__YOUR OBJECTIVE__
Set down each line from the line holding "And Then The" to the last line of the entries below, exactly, with both ends included and without pictures.

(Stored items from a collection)
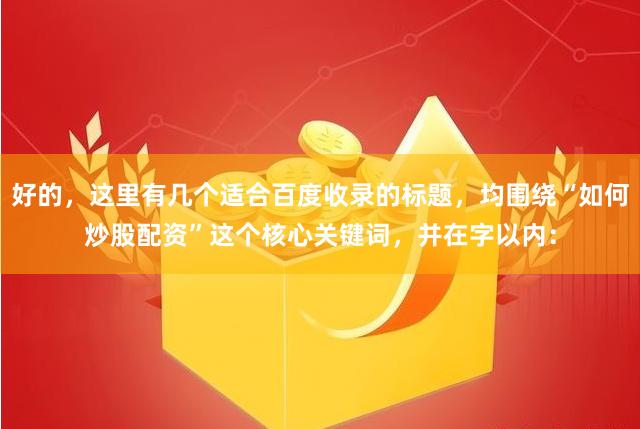 好的,这里有几个适合百度收录的标题,均围绕“如何炒股配资”这个核心关键词,并在字以内:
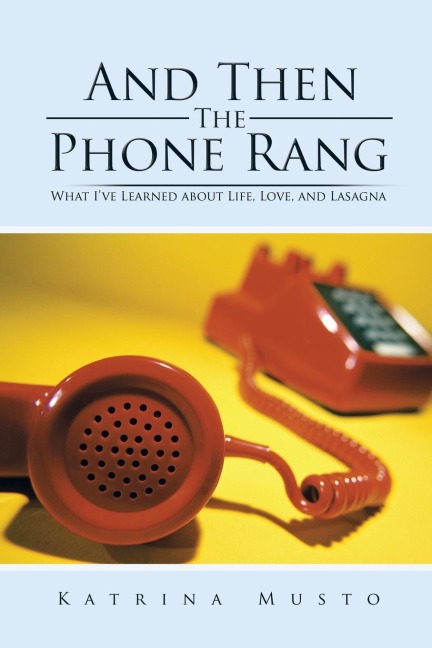 And Then The Phone Rang: What Ive Learned about Life, Love, and Lasagna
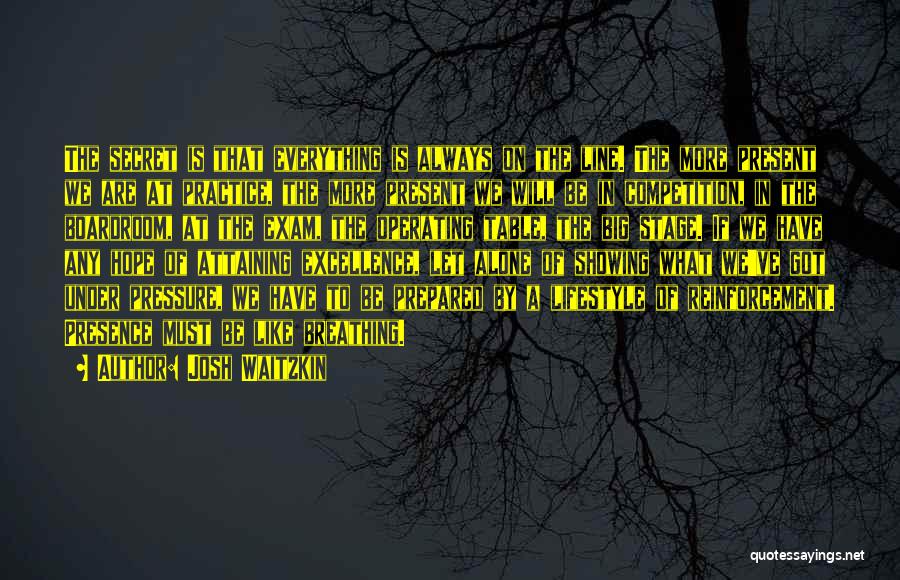 Josh Waitzkin Quotes: The Secret Is That Everything Is Always On The Line. The More Present We Are At Practice, The More Present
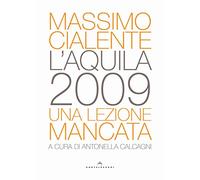 L'Aquila 2009: Una lezione mancata
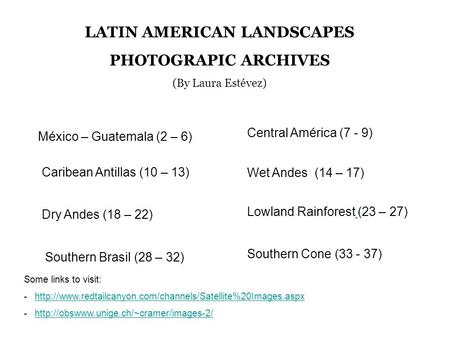 LATIN AMERICAN LANDSCAPES PHOTOGRAPIC ARCHIVES (By Laura Estévez) México – Guatemala (2 – 6) Central América (7 - 9) Caribean Antillas (10 – 13) Wet Andes.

__FINISHED EXERCISE__
 And Then The Phone Rang: What Ive Learned about Life, Love, and Lasagna
 Josh Waitzkin Quotes: The Secret Is That Everything Is Always On The Line. The More Present We Are At Practice, The More Present
 L'Aquila 2009: Una lezione mancata
 LATIN AMERICAN LANDSCAPES PHOTOGRAPIC ARCHIVES (By Laura Estévez) México – Guatemala (2 – 6) Central América (7 - 9) Caribean Antillas (10 – 13) Wet Andes.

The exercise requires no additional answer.